Accessible means of egress shall comply with this section. Accessible spaces shall be provided with not less than one accessible means of egress. Where more than one means of egress are required by Section 1015.1 or 1021.1 from any accessible space, each accessible portion of the space shall be served by not less than two accessible means of egress.

Exceptions:

1. Accessible means of egress are not required in alterations to existing buildings


----------



## mark handler (Sep 10, 2015)

Bisbano’s owner worries lawsuit could shutter business

Megan Wyatt/ The Advertiser

http://klfy.com/2015/09/09/bisbanos-owner-worries-lawsuit-could-shutter-business/

 September 9, 2015, 9:49 pm

A local restaurant owner worries a pending lawsuit could close his business.

The lawsuit alleges that Bisbano’s Pizza Parlor does not provide an entrance, restrooms or parking for those with physical disabilities.

The restaurant also has no accessible entrance to the bottom floor cellar, a late-night spot for live music.

“I can’t afford an attorney, and I can’t afford to do the renovations,” the restaurant’s owner George Petro said. “I can pay the employees and pay the note on this place. But believe me, I don’t have a wife at home living off of the income from this place. It takes two incomes for us to survive.”

Lafayette resident Liam Doyle filed the lawsuit last Thursday with help from the Louisiana Advocacy Center.

Nell Hahn, director of litigation and systems advocacy, said no business has closed due to a lawsuit in the 17 years she’s worked for the advocacy group.

Why sue Bisbano’s in particular?

Doyle has used a wheelchair since early childhood because of the movement disorder cerebral palsy. He does not drive or bicycle and instead uses his motorized wheelchair to get around.

“It’s one of the few local pizza places close to me, and it’s known for good music,” Doyle says. “I live downtown. I work downtown.

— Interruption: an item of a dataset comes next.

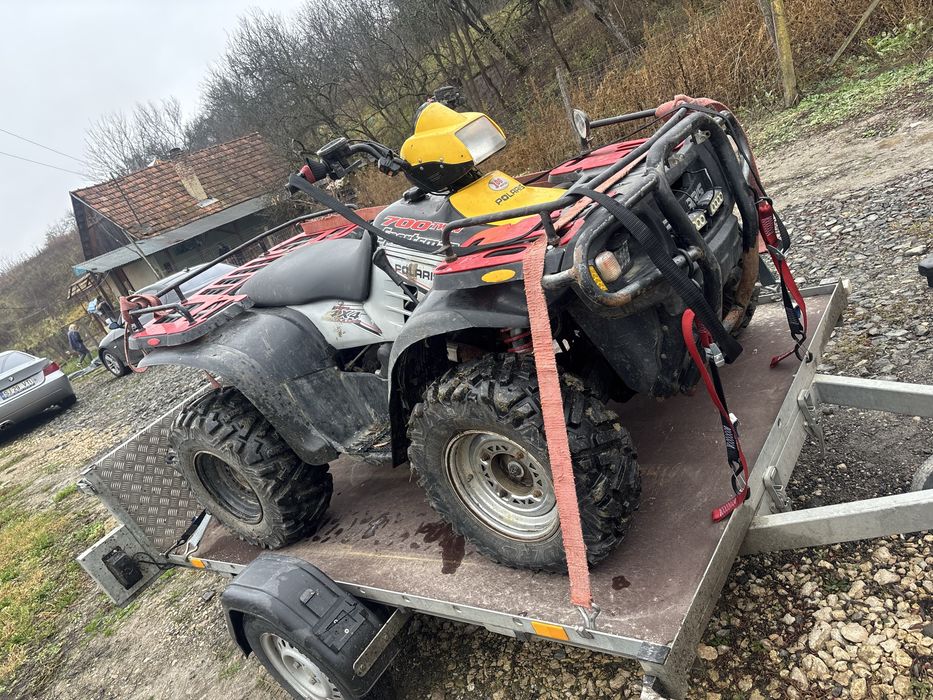 Polaris sportsman 700 twin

I use a wheelchair to get around, and I can get to Bisbano’s with relative ease.”

Bisbano’s, which opened in 1975 in an old house, has been owned and operated by Petro since 1990.

That’s the same year Congress enacted the American Disabilities Act.

Existing businesses such as Bisbano’s did not have to meet the same standards as new businesses. But the ADA still required those businesses to remove barriers for customers with disabilities if they are “easily accomplishable” and able to be “carried out without much difficulty or expense.”

Doyle doesn’t feel like he’s asking too much. He just wants to enjoy a slice of pizza with his friends, but he’s unable to even enter the building.

Even if somebody would lift his wheelchair over the step leading into Bisbano’s, Doyle would be unable to use the bathroom once inside since the restrooms are down a flight of stairs in a cellar.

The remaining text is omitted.